Community Spring Cleaning week is here! Join your fellow Maveryx in digging through your old posts and marking comments on them as solved. Learn more here!

Alteryx Designer Desktop Discussions

Find answers, ask questions, and share expertise about Alteryx Designer Desktop and Intelligence Suite.
SOLVED

Most Efficient formula for “Find and Replace” type of requirement

StockMarket
8 - Asteroid

Hello

 

I am new to Alteryx and I have to design a workflow, which perform a simple “Find and Replace” task on a single field within the csv file. But there are 2 main problems that I am facing, the first one is that there are “ almost 60 comparisons” that have to be made for this find and replace task and secondly, this flow needs to be run on csv files, which have Millions of Rows inside them.

 

As you can see in the attached sample data file, there is a field named “Ticker” which has got multiple details inside it in the form of a “Large String Value”, which also including the DATE in this format –
“YYMMM” where YY stands for Year in short form like 19 for the year 2019, and MMM stands for 3 digits of the Month, like FEB stands for February and so on for all other months.

 

Now, my requirement is that I have to actually REPLACE this 5 character “Date” from these large string values with the new 7 character date, which will also include the actual 2 digits of date inside them. Instead of just telling YYMMM, they will actually show the complete date in this format – DDMMMYY, where DD is the date, MMM is the month and YY is the year.

 

In short, “YYMMM” needs to be replaced with “DDMMMYY”, leaving all other information inside that string value as it is.
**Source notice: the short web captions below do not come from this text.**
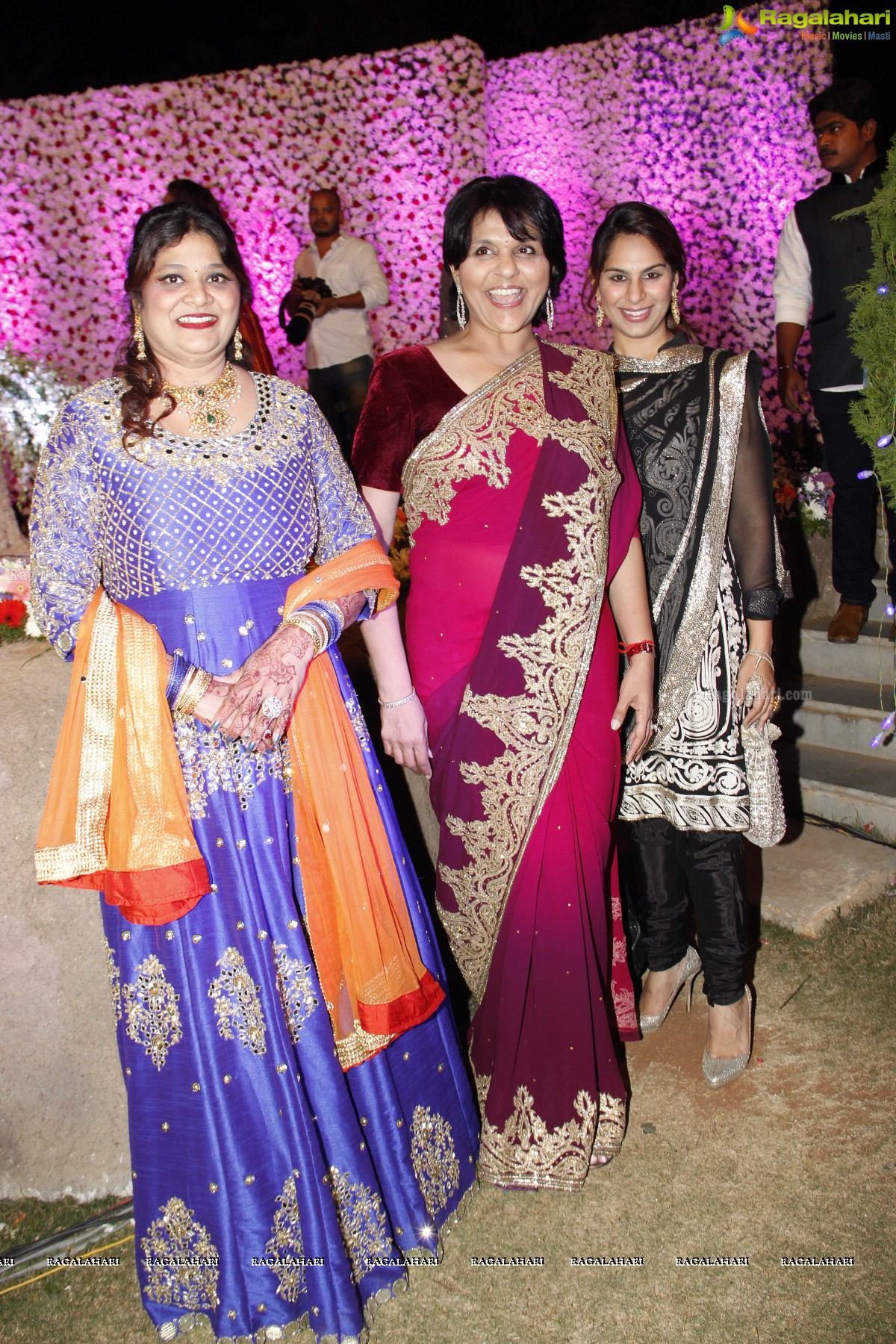 Grand Wedding Reception of Siddharth (Jaya Prada's Son)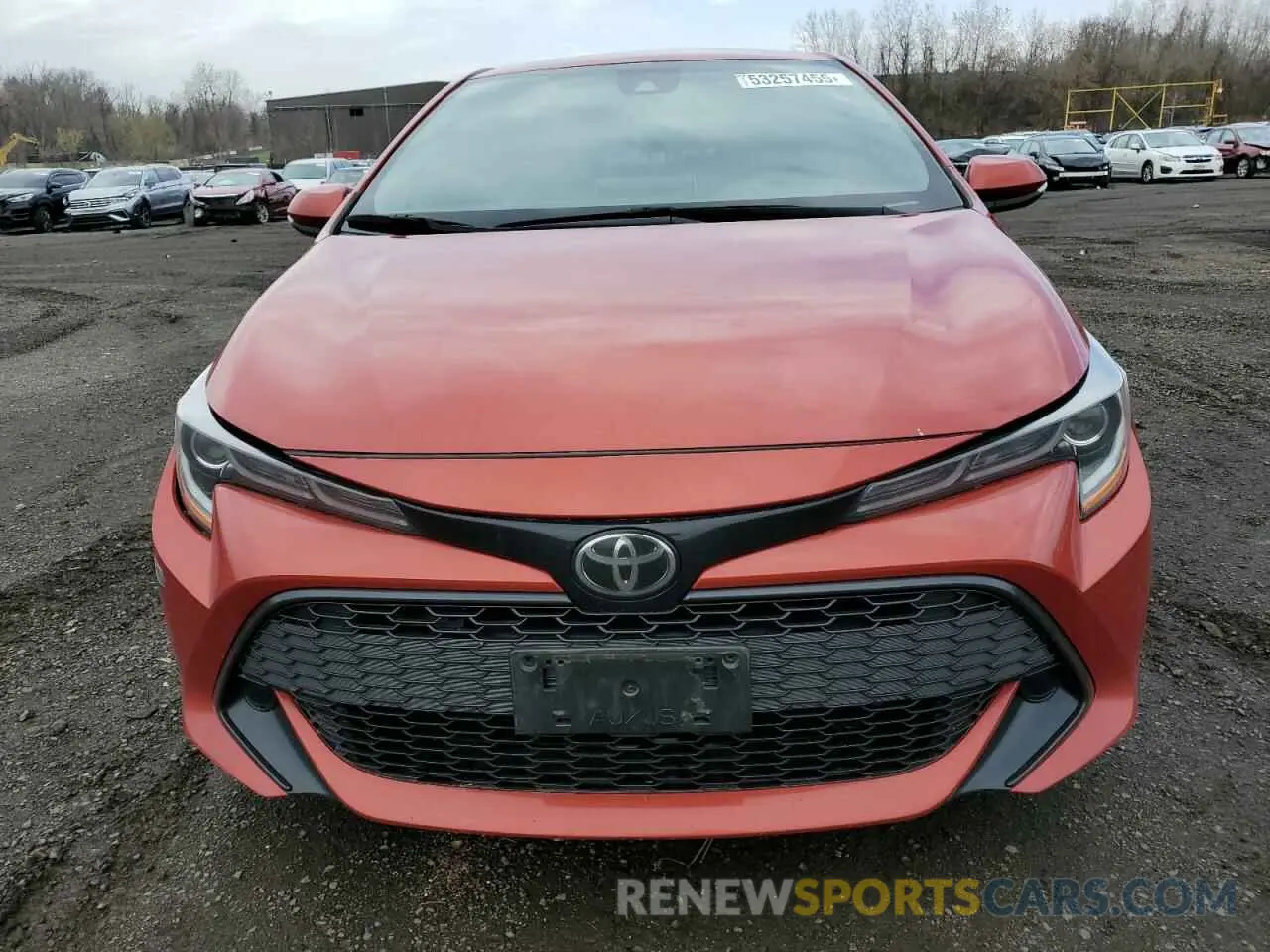 5 Photograph of a damaged car JTNK4RBE0K3053904 TOYOTA COROLLA 2019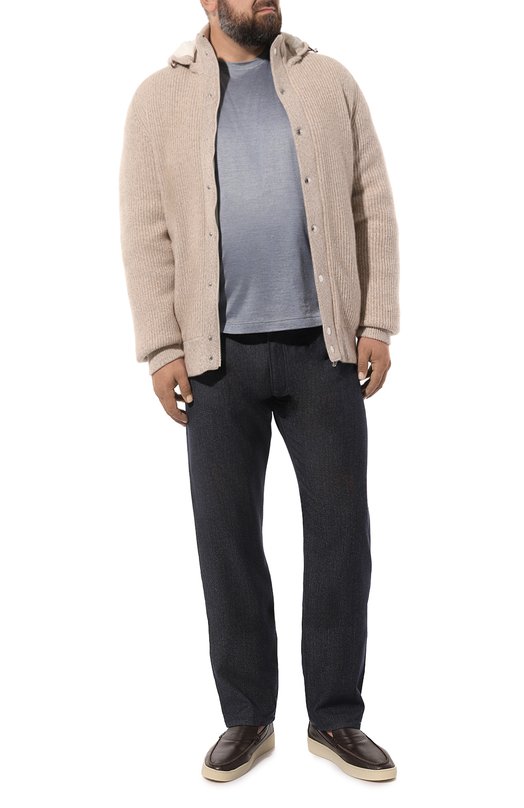 фото Пуховый бомбер brunello cucinelli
For example, the original Ticker value of

 

“ACC19JAN88260PE” will get converted to “ACC31JAN1988260PE”

 

means “19JAN got replaced by 31JAN19” ,

 

and the original Ticker value of “ACC19FEB88260PE”

 

will get converted to “ACC28FEB1988260PE”

 

means “19FEB got replaced by 28FEB19”

 

and so on for all different field values. I hope you understand the requirement.

 

 

 

Now, for adding this “DD” part, we have a table of values, which tells exactly what value there should be for a particular “YYMM” as given in the original data. Please have a look at the attached sample data file. We can’t just use any random date like the first date of a month or the last date of month etc. instead we have to replace the specific “YYMMM” portions with their corresponding “DDMMMYY” as given in the attached table.

 

Although this requirement is quite simple and it could be achieved by either using a formula for “Find and Replace” or by using “Refex” or any other method like that. However, I have to run this flow on csv data files, which are quite large, having around 4 million rows per csv file and I have to run this flow onto hundreds of such files.

 

So I am looking for an EFFICIENT SOLUTION for this problem, so that the PC does not remain in the HANG STATE for large duration of time because of this Extensive Load on the CPU and RAM etc.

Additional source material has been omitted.